Purpose: producing policies that maximize a measure of long-term reward to an agent following it in a specific environment.

### Elements of Sequential decision making

• Agent: the system responsible for interacting with the world and making decisions.
• Environment: change from state to state (s) in response to the actions (a) of the agent according to a fixed set of rules (T). Environment can be stationary(<-main focus of the paper) or nonstationary (<-hard to model). Environment can have multiple agents.
• Reward: the purpose of agents’ action is to maximize rewards. Reward is a defining property of models.
• Policies: Agent’s prescription for actions. plan-> conditional plan -> universal plan or “stationary policy” -> stochastic policy. Stationary policy is the most important one in this paper. In the figure above, s is state, a is action, T is transition function which changes s given a. R is the reward function and r is the reward of the state. O is perception function (usually it is an identity function) and z is the agent’s perception of the environment.

### Problem scenarios：

• Planning: the complete model of the environment is known and a planner takes the model and generate policy.
• Reinforcement Learning (RL): the learner only knows the agent’s perception of the world and action it can take. Environment is unknown. It’s up to the agent to generate a policy and follow it.
• Model based RL: building a model with the limited information known to the agent, and then use a planning algorithm to generate a policy.
• Simulated RL: in this case, the model is known but the agent acts like it is not known and use RL algorithm to generate policy. It is used when the environment is too complicated. ## 1.2 Formal Models

To simplify the problem, the properties of the environment model must follow the following conditions:

finite state space; finite actions; sequential environment; accessible and inaccessible environment; Markovian environment (prediction can be made by environment’s state); fixed environment; stochastic or deterministic transitions; synchronous environment ( environment won’t change until the agent takes an action); with one or two agent. ## 1.3 evaluation criteria

Evaluating Policies: an objective function takes all the <s, a> sequences and their probabilities to generate value. The optimal sequence maximize the objective function. 1) for each <s, a> sequences, objective function replace each transition with a “goodness” value; 2) the values are truncated according to the finite horizon; 3) transition values were summarized for each sequence; 4) this sequence value are summarized to get a policy value; 5) in multiagent environment, other agent can change transition value.

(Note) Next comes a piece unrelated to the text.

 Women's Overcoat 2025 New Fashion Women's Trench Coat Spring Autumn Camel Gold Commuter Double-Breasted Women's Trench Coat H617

Evaluating Planning algorithms: 1) All criteria above; 2) whether an optimal policy can be reached; 3) algorithm efficiency.

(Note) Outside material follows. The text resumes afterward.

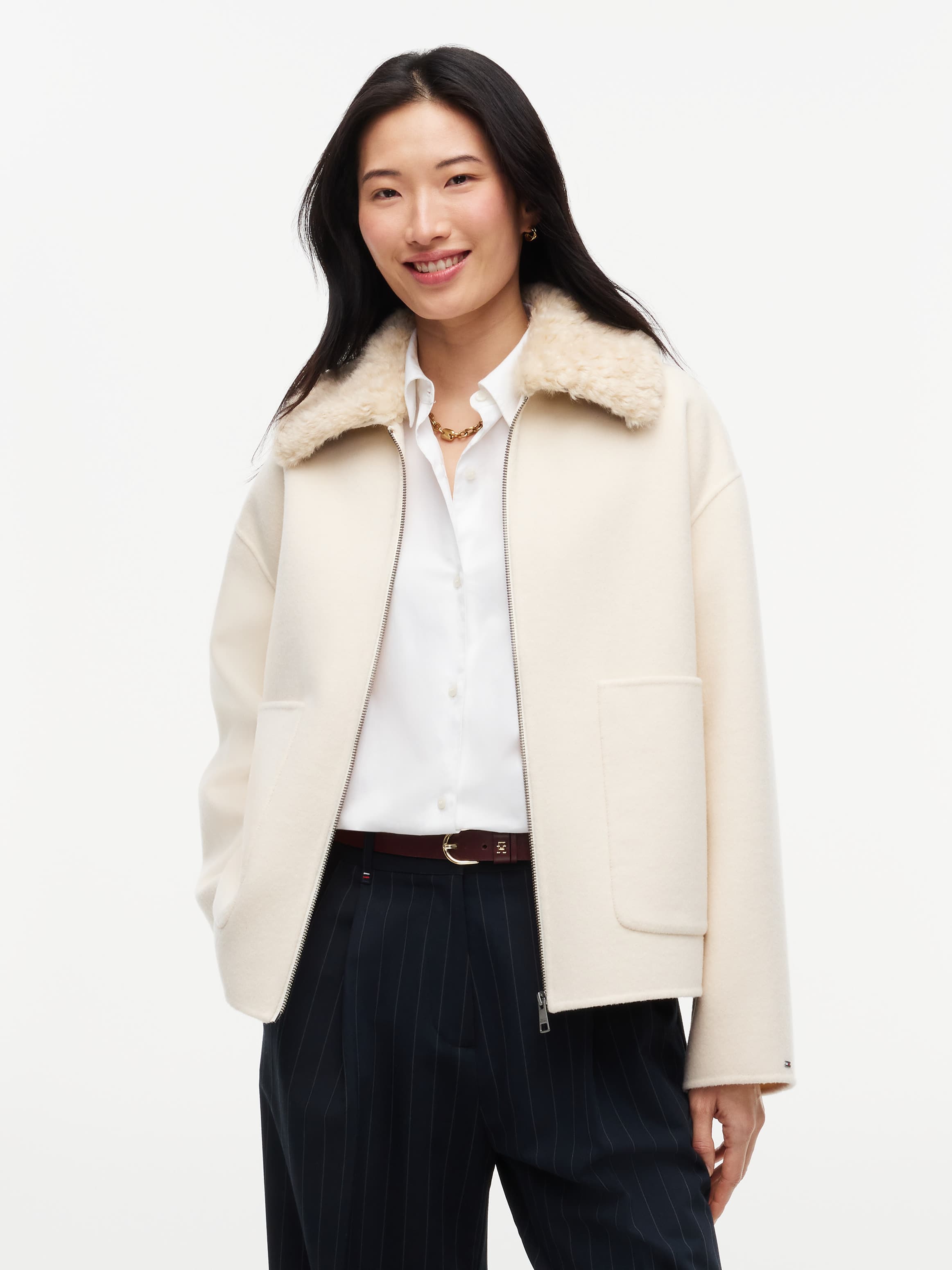 Double-Faced Wool Blend Relaxed Jacket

** RL algorithms**: RL algorithms tries to achieve what planning can do without complete knowledge of the whole environment. If the algorithm can reach optimal policy (converge), then it’s good. # Chapter 2: Markov Decision Process Core concept of MDP below is extracted from my notes of the course lecture. States: set of tokens which describe every state that one could be in,

Model/Transition Function: probability that you’ll end up transition to s’ given you are in state s and taking action a. This is ‘physics’ or rules of the world(not changeable) .

Action: A(s), things you can do in a given state, a function of state, rule you can play; or A, a set actions not depends regardless of state.

Reward: scalar value that you get for being in a state. Usefulness of entering a state/and taking an action/and ending up into s’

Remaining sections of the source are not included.